--- TO DO ---
Only the lines from the one containing "White Flower Drawing" to the end of the records belong in the answer; repeat them exactly and drop the pictures.

Short text fragments from websites:
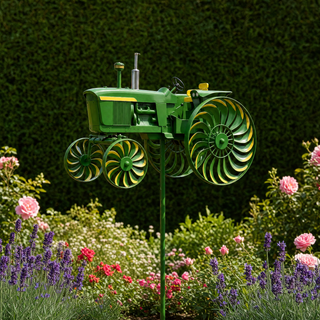 TractorTwirl – Handcrafted Vintage Tractor Wind Spinner with Ground Stake
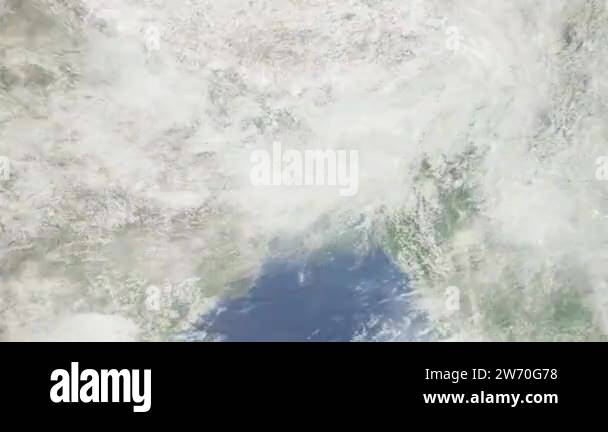 Zoom of the earth from space to the city. 3D Animation. Zoom in to the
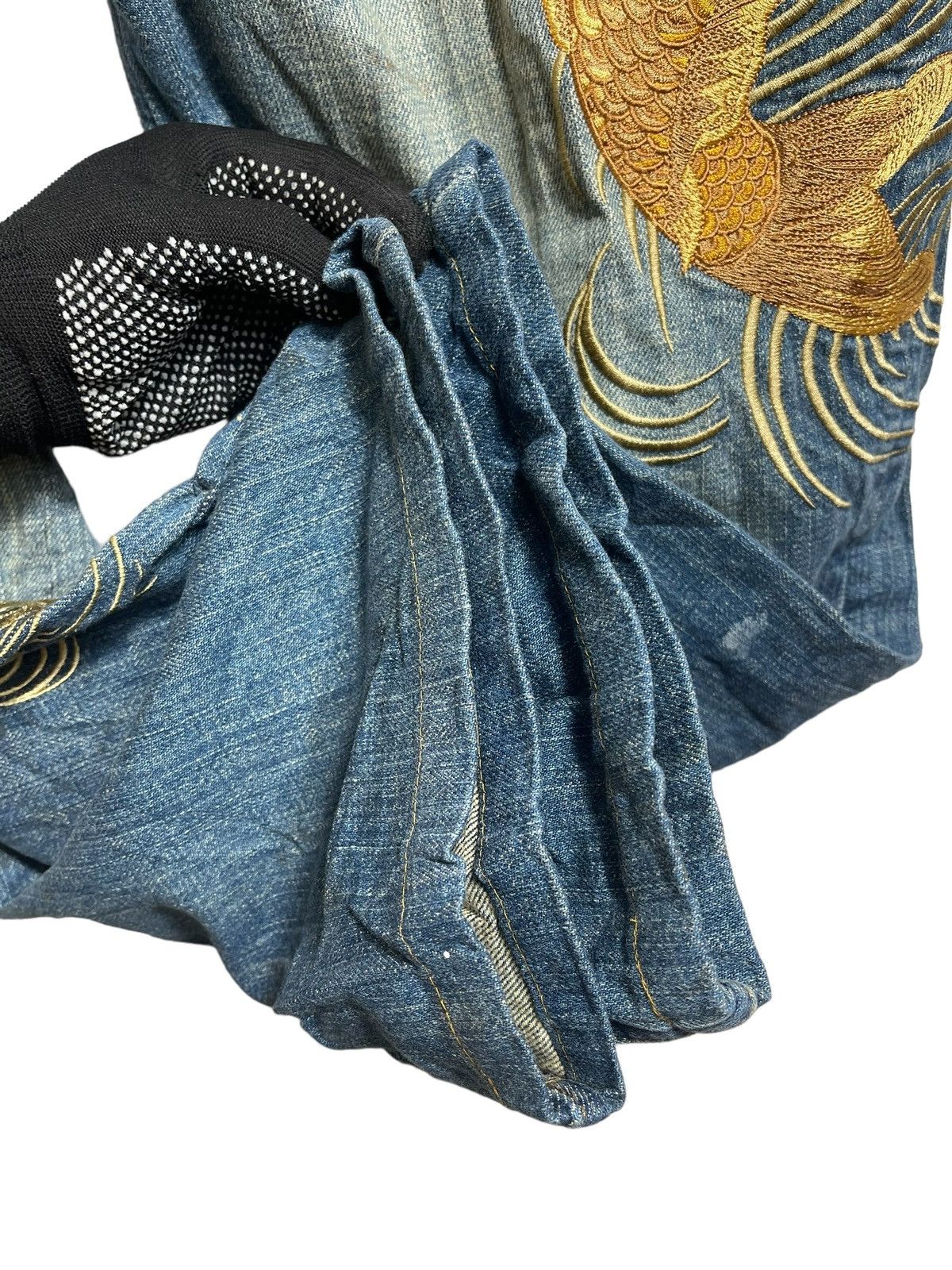 If Six Was Nine Vintage Karakuri Generation Big Koi Fish embroidered Denime Size US 35 - 3 Thumbnail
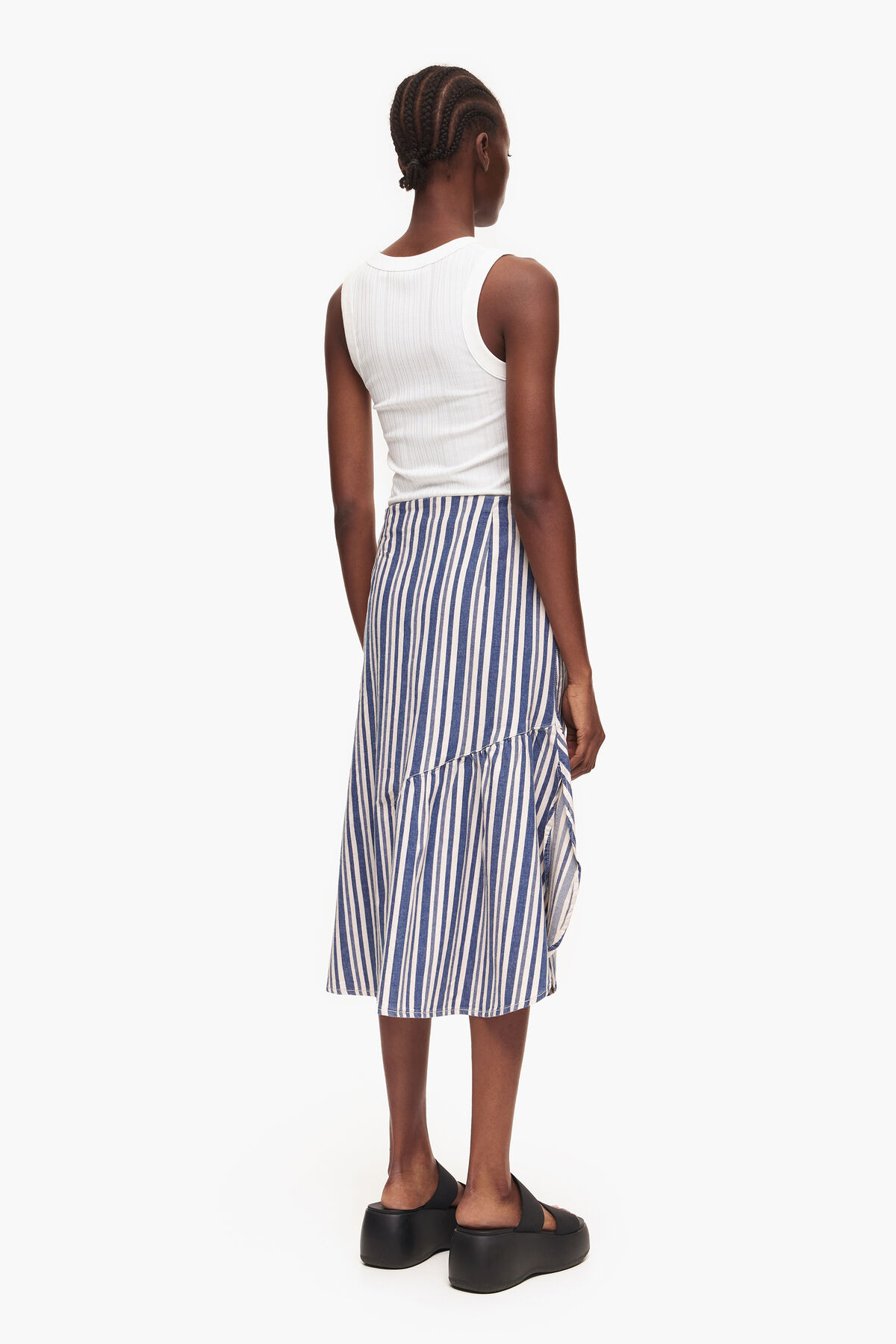 Falda midi vaquera azul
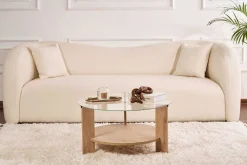 Couchtisch Clara - 100% TEMPERED GLASS - Saphireiche - 40 x 75 x 75 cm
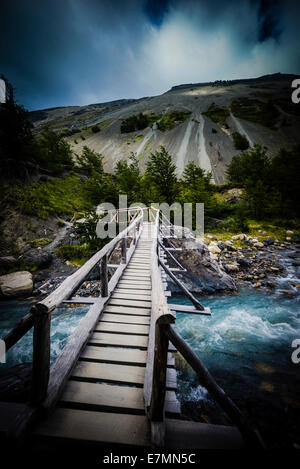 Hiking Trail in Patagonia, Chile. Stock Photo
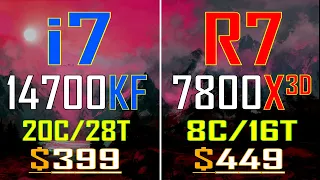 RYZEN 7 7800X3D vs INTEL i7 14700KF || How Big is the Difference?
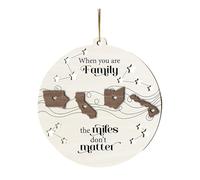 When Family The Miles Don't Matter Apart Far Distance Siblings Sisters State Map 2 Layered Wooden Ornament Christmas Pendant Decorations Doorway Outdoor (C, 8cm)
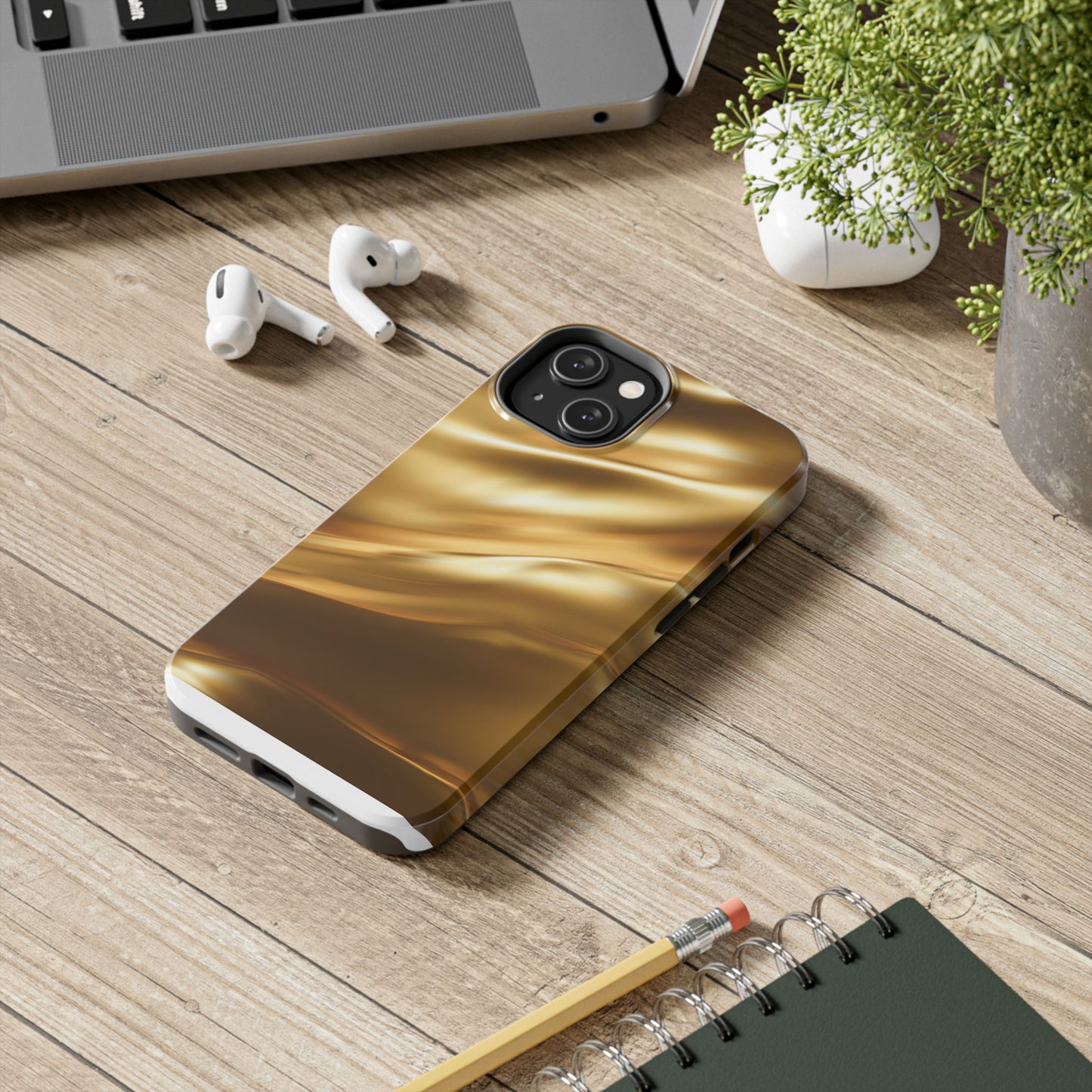 Luxurious Gold Phone Case, Tough Phone Cover, Premium Cell Phone Protector, Stylish Phone Accessory, Gift for Her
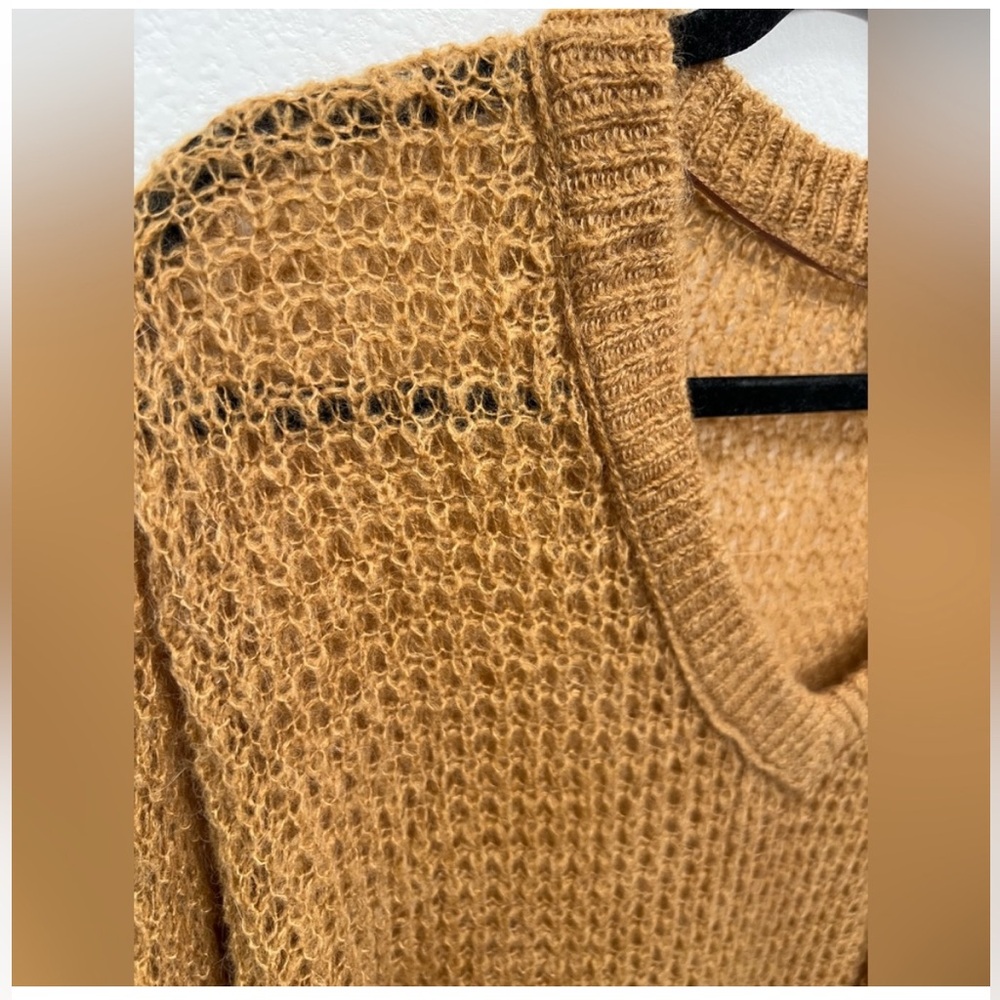 Free People Alpaca Blend Oversized V-Neck Sweater Boho Cozy Camel Size S - Picture 4 of 7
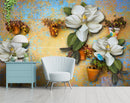 White Flower Drawing Look Customised Wallpaper for wall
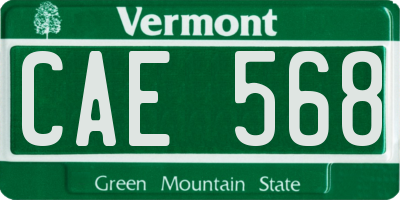 VT license plate CAE568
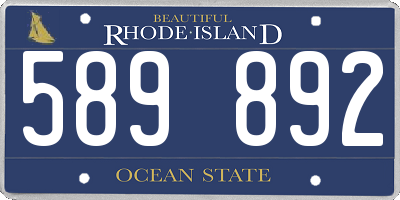 RI license plate 589892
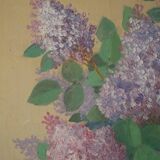 Painting acrylic painting on canvas bouquet lilac flowers decoration countryside old still life
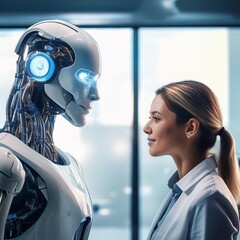 A robot interacting with a person in a futuristic laboratory
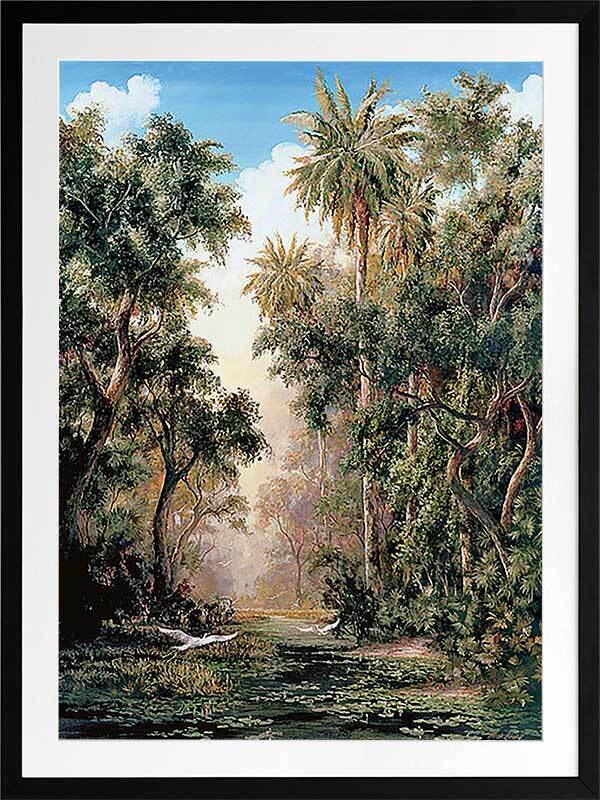 Tropical Lake Framed Art Print - Lost Design Society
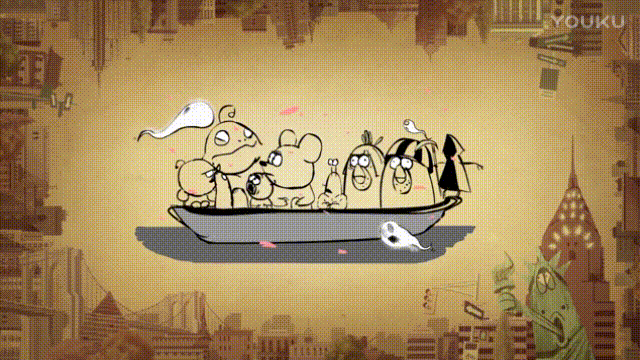 小船 小熊 房子 卡通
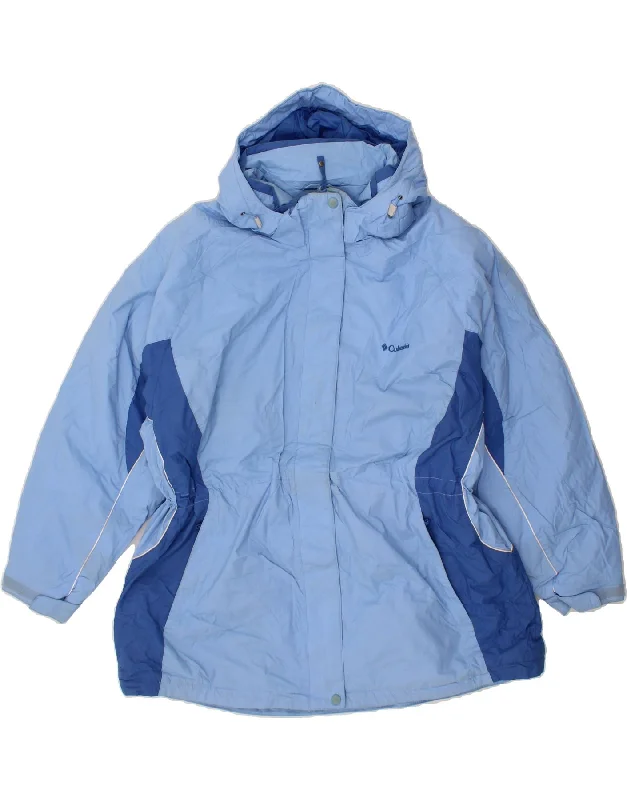 Women's Coats with CollarCOLUMBIA Womens Padded Jacket UK 20 2XL Blue Colourblock Nylon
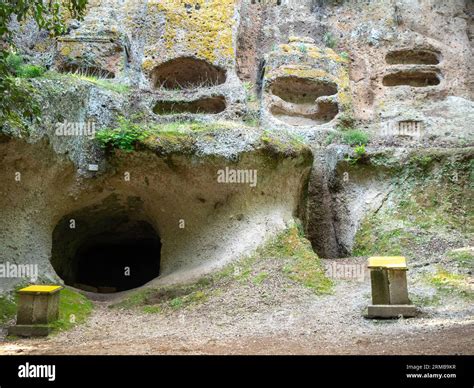 Group of tombs excavated from the tuff rock, The Etruscan Necropolis of ...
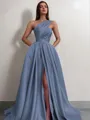 A-line One-Shoulder Sleeveless Sweep Train Satin Delicate Prom Dress With Slit
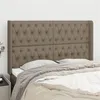 Image de vidaXL Tête de lit avec oreilles Taupe 163x16x118/128 cm Tissu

--- RESPONSE TO THE EXERCISE ---
 White Flower Drawing Look Customised Wallpaper for wall
 VT license plate CAE568
 RI license plate 589892
 Painting acrylic painting on canvas bouquet lilac flowers decoration countryside old still life
 A robot interacting with a person in a futuristic laboratory
 Tropical Lake Framed Art Print - Lost Design Society
 小船 小熊 房子 卡通
 Women's Coats with CollarCOLUMBIA Womens Padded Jacket UK 20 2XL Blue Colourblock Nylon
 Group of tombs excavated from the tuff rock, The Etruscan Necropolis of ...
 A-line One-Shoulder Sleeveless Sweep Train Satin Delicate Prom Dress With Slit
 Image de vidaXL Tête de lit avec oreilles Taupe 163x16x118/128 cm Tissu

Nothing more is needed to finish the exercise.